Music has continued to be an exceptional creative collaboration between students and our music specialists. Unplugged and Wavelengths, our annual Term One events, were virtual performances of subtlety, depth, range and emotional intensity from our Middle and High School musicians and singers who continue to make these events among the highlights of our calendar.

Our High School Model United Nations (MUN) team of 180 members has continued to develop and give opportunities to our students to learn about diplomacy, international relations and the United Nations organisation. This term, East has participated in two virtual conferences, where students have proposed, argued, debated and ratified, developing their skills of diplomacy and articulation in the process. On 12 December, we hosted our very own virtual event with six schools from across Asia. 
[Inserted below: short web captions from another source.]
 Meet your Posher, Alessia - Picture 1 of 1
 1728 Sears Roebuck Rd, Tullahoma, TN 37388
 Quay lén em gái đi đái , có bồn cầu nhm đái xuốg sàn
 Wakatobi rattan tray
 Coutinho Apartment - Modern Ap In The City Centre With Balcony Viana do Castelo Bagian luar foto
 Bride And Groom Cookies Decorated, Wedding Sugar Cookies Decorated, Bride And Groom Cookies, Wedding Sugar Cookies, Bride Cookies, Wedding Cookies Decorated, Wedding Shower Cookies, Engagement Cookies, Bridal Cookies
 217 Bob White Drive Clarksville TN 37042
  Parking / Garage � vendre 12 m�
As the term draws to a close, a special mention must go to two Grade 12 students whose dedication, determination and intense training schedules have won them distinctions. Samatha Saysoon has won a full scholarship to the University of California for fencing, and Owen Allwood has been offered a scholarship to the University of Calgary for swimming. Their achievements are hugely impressive, and we are very proud of them, as we recognise all that they have done to work towards these prestigious awards. 


Equally impressive are those whose endeavours are somewhat less in the limelight, yet require similar application, drive and vision. Our Boxing and Football student-led coaching sessions are some of the student leadership programmes we are currently offering. Our student leaders use their time to develop and plan opportunities remotely for our service partners who cannot access our campus. We thank them for their hard work and admirable service to others in our Singaporean community.
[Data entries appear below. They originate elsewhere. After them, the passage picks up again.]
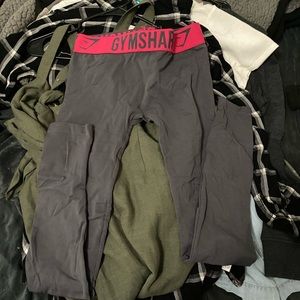 Gym shark leggings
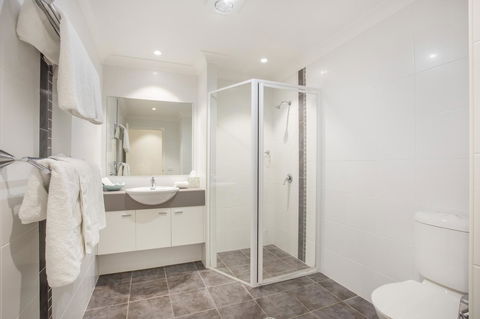 Beachfront 2 - New Castle Holiday 18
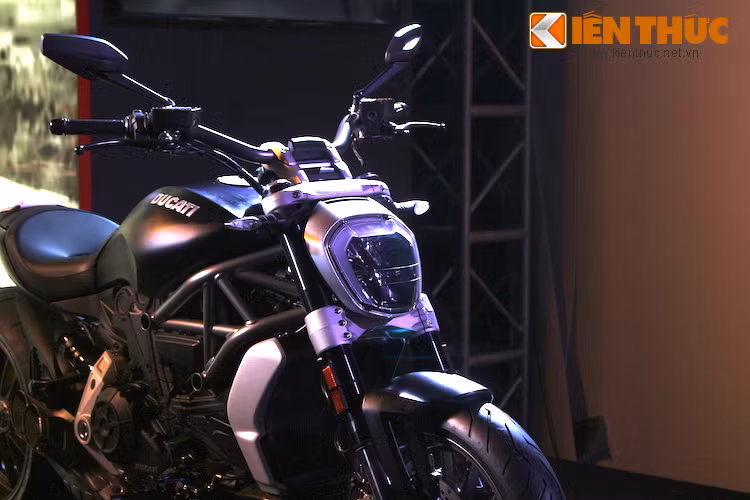 Nhìn từ phía trước, Ducati XDiavel mới có thiết kế tương tự như các phiên bản khác với đèn pha LED nổi bật.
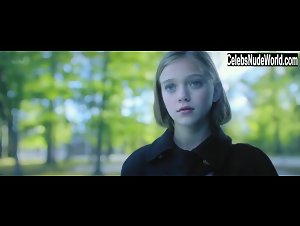 Jenna Kramer in In Search of Fellini (2017) 6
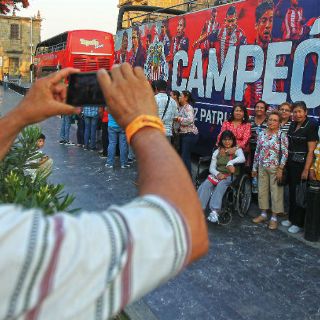 Chivas pinta de rojiblanco la ciudad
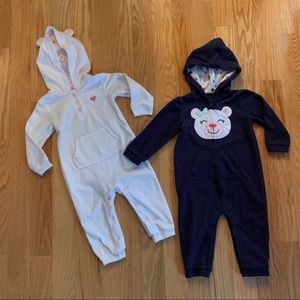 2 Carter’s fleece bodysuits 18 months.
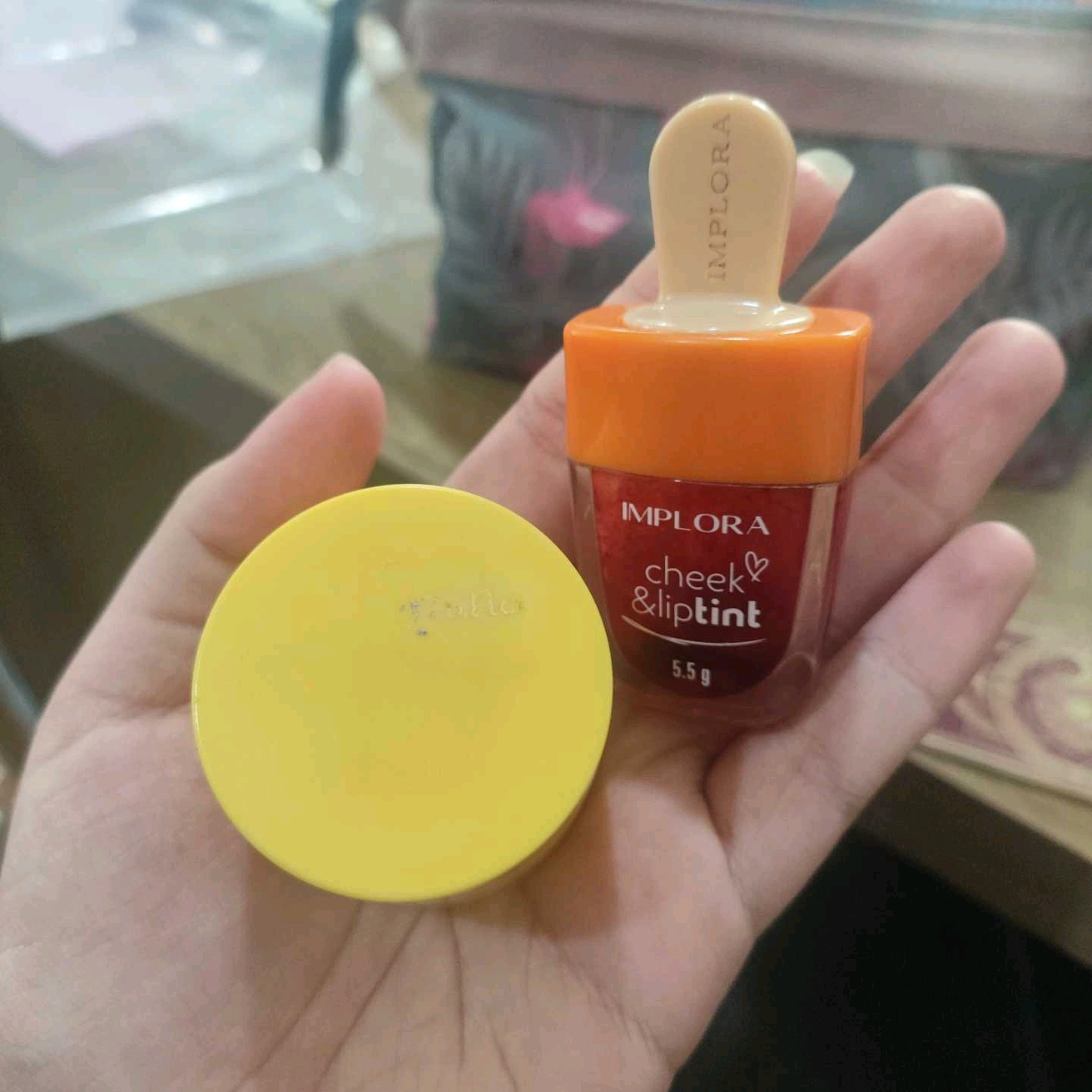 Lip Mask - Original imgfdn-01222208-6456-4a70-bd48-5aff31f22be0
Term One has looked and felt different in some ways, to be sure. But East campus has felt as vibrant and alive with the creative energy of the UWCSEA spirit as it always has. Our teachers have been role models for our students in their determined will and effort to make things happen, and our students remain as mindful, principled, resilient and, above all, true to the UWC mission as they always have been. It is our privilege to continue supporting them as teachers, coaches, mentors, providers and facilitators. It is our privilege to be part of this very special community that believes in the transformational power of creative thinking and innovation, most especially in times of challenge.